Erection Problems in 20s and 30s
Sudden erection problems in the 20s or 30s are often linked to psychologial reasons such as anxiety and depression. These problems can often be cured by a temporary use of potency enhancers such as Cenforce (Sildenafil) or Eli (Tadalafil). Once the self-confidence has been regained the patient can stop using the medication and have a normal sex live again.
Severe hardening, narrowing, and clogging of the aorta, tributaries, iliac vessels, or the penile arteries, as well as sinuses, can also lead to sexual dysfunction. One of the most common natural causes of Erectile Dysfunction in 30s is vascular disease, which is said to be 40% of all factors. Almost 17% of men that have Erectile Dysfunction are suffering from atherosclerosis, a condition where the arteries are clogged with yellowish plaques that contain fatty materials cholesterol, and lipophages or those cells that are absorbing fats. This condition can partially or totally obstruct the blood vessels. Atherosclerosis is usually a result of smoking and hyperlipidemia or an elevated concentration of all or any lipids in the blood including triglycerides and cholesterol. This condition may also be due to diabetes and obesity. The weakened blood flow at the penile region is what prevents the tumescence and engorgement of the penis. This can also lead to the leakage of venous due to the poor compression of venules against tunica, which is a result of contracted vascular sinuses.
Link between ED and CVD
In addition, it was found that there’s a direct link between ED and CVD. Erectile Dysfunction could be among the first signs that the patient has a hidden or occult cardiac condition, like ischemic heart disease and may have antedated the manifestations for several months and even years. It is for this reason why the penis is sometimes known as the barometer of the body in terms of vascular integrity. The direct link between Erectile Dysfunction and vascular pathology is what prompted some physicians to advise any man suffering from ED to undergo a cardiovascular workup. This is especially true if he is showing some symptoms that could be a risk factor for ED, such as hypertension, diabetes, smoking, hyperlipidemia, and obesity. Patients that have a single vessel ischemic heart disease may achieve better erection compared to those who have multiple vessel obstruction.

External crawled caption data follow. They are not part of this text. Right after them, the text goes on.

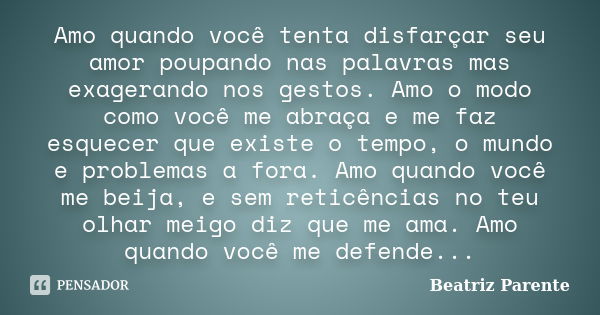 Amo quando você tenta disfarçar seu amor poupando nas palavras mas exagerando nos gestos. Amo o modo como você me abraça e me faz esquecer que existe o tempo, o... Frase de Beatriz Parente.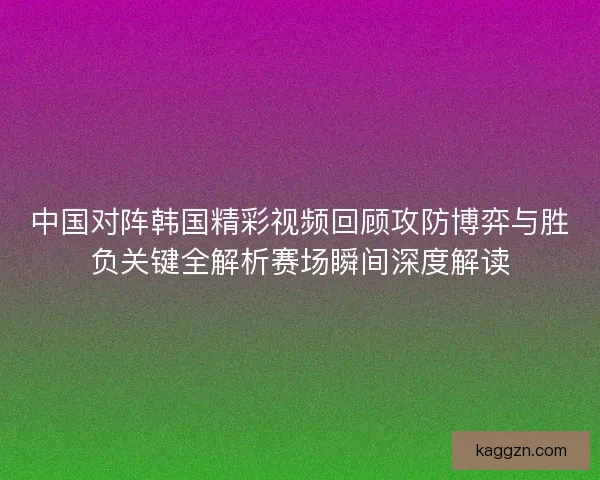 中国对阵韩国精彩视频回顾攻防博弈与胜负关键全解析赛场瞬间深度解读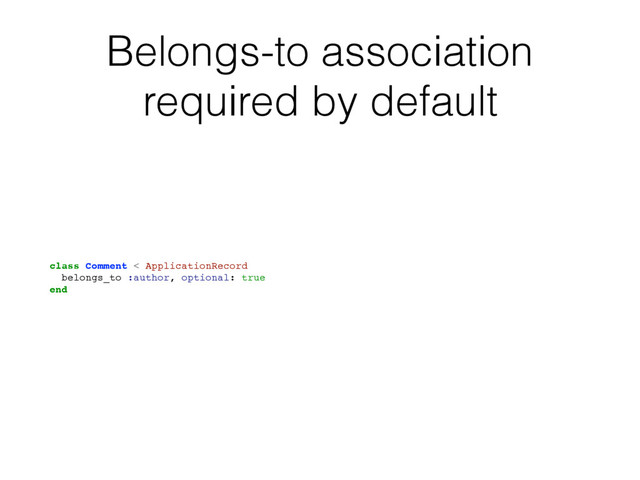 Belongs-to association
required by default
class Comment < ApplicationRecord
belongs_to :author, optional: true
end
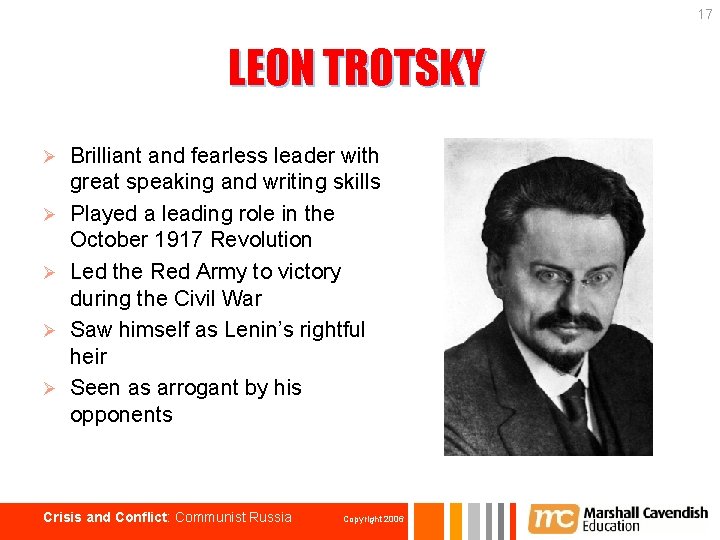 17 LEON TROTSKY Ø Ø Ø Brilliant and fearless leader with great speaking and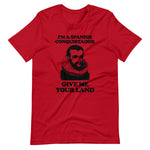 I'm A Spanish Conquistador (Give Me Your Land) T-Shirt (Unisex)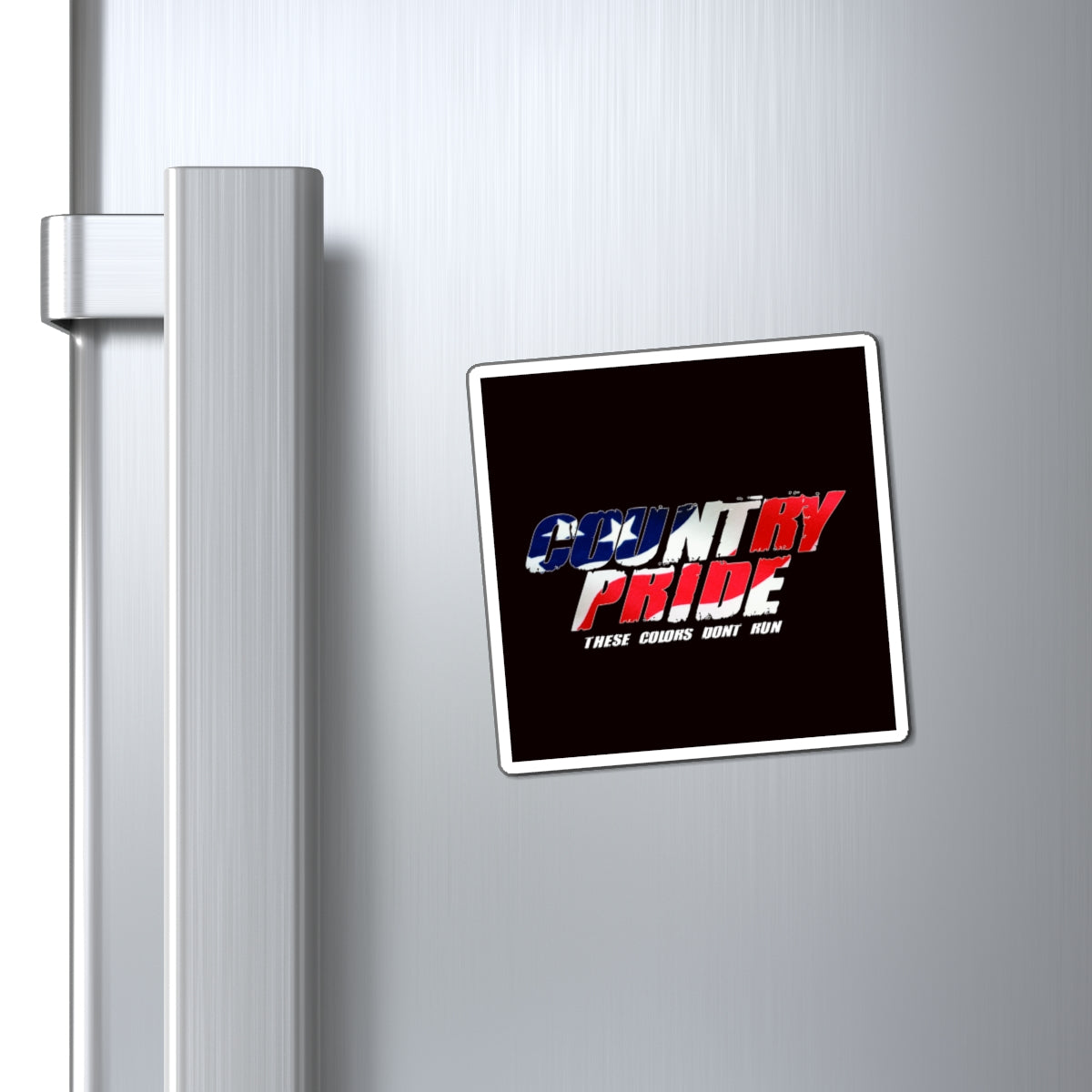 Country Pride Magnet — "These Colors Don’t Run" Patriotic Flag Refrigerator Magnet
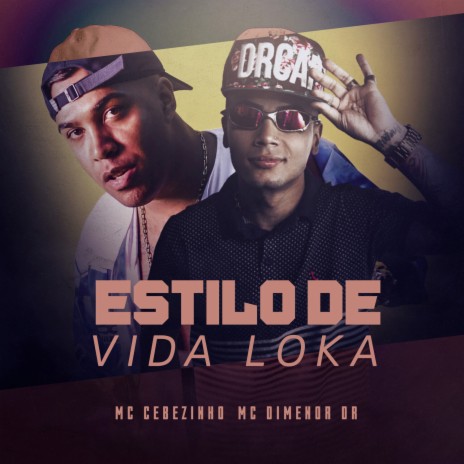 Estilo de Vida Loka ft. Mc Dimenor DR | Boomplay Music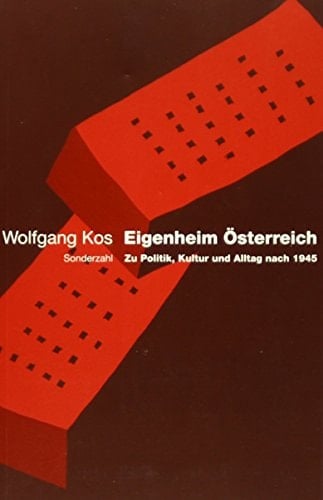 Eigenheim Österreich: Zu Politik, Kultur und Alltag nach 1945 (German Edition)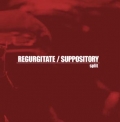 Regurgitate - Regurgitate / Suppository split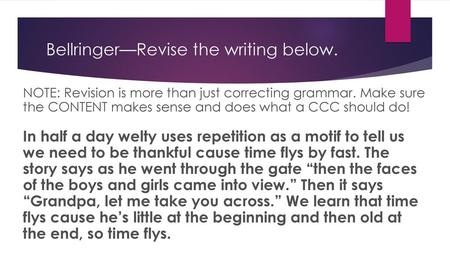 Bellringer—Revise the writing below.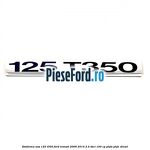 Emblema usa 125 T350 Ford Transit 2006-2014 2.4 TDCi 100 cp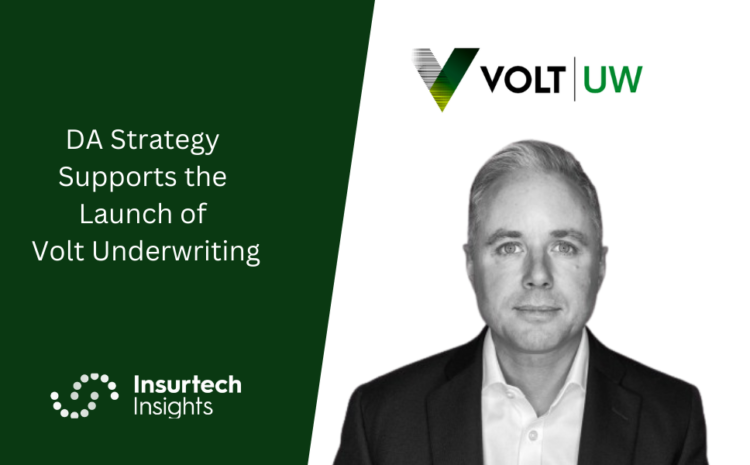  DA Strategy Supports the Launch of Volt Underwriting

Cavernous Arterial Insufficiency
In addition, men suffering from cavernous arterial insufficiency are often at high risk of suffering from CAD or Coronary Arterial Disease. Some other factors associated with atherosclerosis, such as the reduced endothelial Nitric Oxide Synthase (NOS), a type of enzyme that converts the oxygen and L-arginine to produce the nitric oxide, as well as an increased level of free radicals, along with a high level of homocysteine at the vascular plaques. All these could contribute to Erectile Dysfunction. Recent strong evidence suggests that the depletion of NOS from the nitrergic nerves can also lead to sexual dysfunction. Other Cardiovascular Diseases, such as aortic aneurysm and congestive heart failure may also be linked to Erectile Dysfunction. In a recent study, which analyzes the extragenital vascular disease on 457 patients suffering from Erectile Dysfunction, the researchers have discovered an insufficiency of an isolated penile artery in about 25 percent of the patients, along with lower extremity, carotid, and penile atherosclerosis, which has been found in 75% of those who were affected. This again demonstrates a close link between penile arteries and vascular changes in the body. Meanwhile, in another recent study done in Italy, age, diabetes, and coronary arteries have been found to be independent factors of Erectile Dysfunction. Instead, the sexual condition was found to be associated with Coronary Arterial Disease. Furthermore, Erectile Dysfunction has been found in patients suffering from acute coronary syndromes and may be considered as a symptom of diffused or coronary atherosclerosis.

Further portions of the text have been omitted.